For a Black woman living in the south, violence is not just a result of power imbalances in her humble abode or community. She must also endure attacks via a median income of almost $34,000 or a relationship with her partner making a median hourly wage of $14, compared to the $17 his/her white counterparts are making. She must navigate her way (and her health) through neighborhoods riddled with large potholes, overpolicing, and small tree coverage. She must exhaust herself through family tension to survive and expect violence…because it’s all she’s ever known. And it’s all systems in the South have ever taught her.
Why does Jim Crow matter?
The South has a long history of inflicting structural violence on its Black residents. While the term “Jim Crow’’ can be traced back to as early as 1830, some of these laws did not become evident in certain southern states until the 1860s. Laws in the forms of statues, ordinances, and policies in the state sought to disenfranchise Black people by way of unequal school funding, literacy requirements for voting, and jury participation. Today, what some choose to believe is eradicated still exists through Title I schools, pollution segregation, and strict voter identification requirements. More notably, Jim Crow has left a legacy of redlining, restrictive covenants, and regulating property through racial zoning policy. Today, many Black communities that were once targeted by redlining, are now economic goldmines for investors.
“People get pushed out because they can’t afford to live there anymore,”
Tim Stallmann of Bull City 150 (Durham, NC) says, “There’s a lot of neighborhoods, historically Black neighborhoods that are facing pretty rapid gentrification.”

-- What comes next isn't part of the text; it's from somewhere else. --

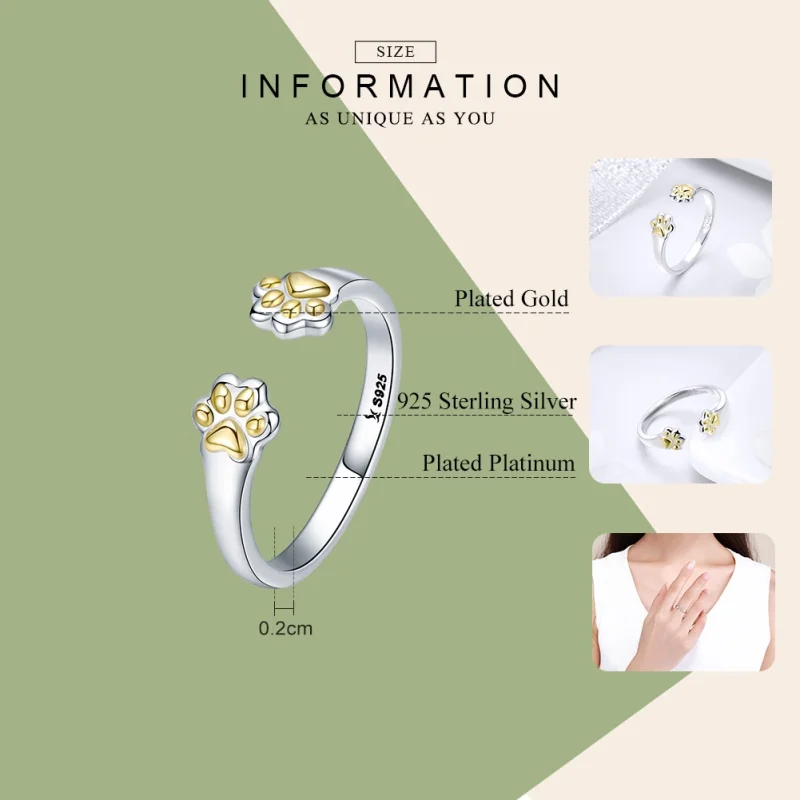 (Bild für) Pandora Ring Gold Silber - SCR430 - Ansicht 3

The problem with these newfound ‘treasures’ is that surrounding property values are forced up and Black citizens are forced out into less attractive areas. Areas where grocery stores are limited and convenience and liquor stores are essentials.

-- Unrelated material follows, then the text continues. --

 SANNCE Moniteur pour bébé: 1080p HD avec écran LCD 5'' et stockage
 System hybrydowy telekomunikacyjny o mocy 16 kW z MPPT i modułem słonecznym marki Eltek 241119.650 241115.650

In the City of Durham, alone, there is a gentrification crisis — one of Jim Crow’s most prominent legacies- along with disadvantaged affordable housing conditions, poor schools, unsafe streets, limited access to jobs, and concentrated poverty in Black hoods.
Concentrated disadvantage like this is a cesspool for violence, creating generations of social and physical conditions fraught with uncertainty, chaos, and unaddressed and unhealed trauma. As a result, cities like Charlotte, Durham, and High Point rank among the deadliest in the U.S. for homicides. Community violence, defined as “aggression that occurs outside the home among non-family members; though it may involve known others and even family members as victims or perpetrators,” is also particularly threatening to Black women.
Black women are left to navigate not just visible flying bullets, but invisible waves of structural violence on a daily basis. This structural violence gives way to a variety of vulnerabilities the country at large fails to address, to include broken schools, high unemployment, marginal and unstable housing, street violence, missing Black girls, and homicides. While violence against Black women remains complex and cannot be solved with a one-size-fits-all solution, as we reflect on the history of this month and our nation…perhaps the first step is our collective reckoning.
A reckoning with our roots. With our soil. And most importantly….with our branches.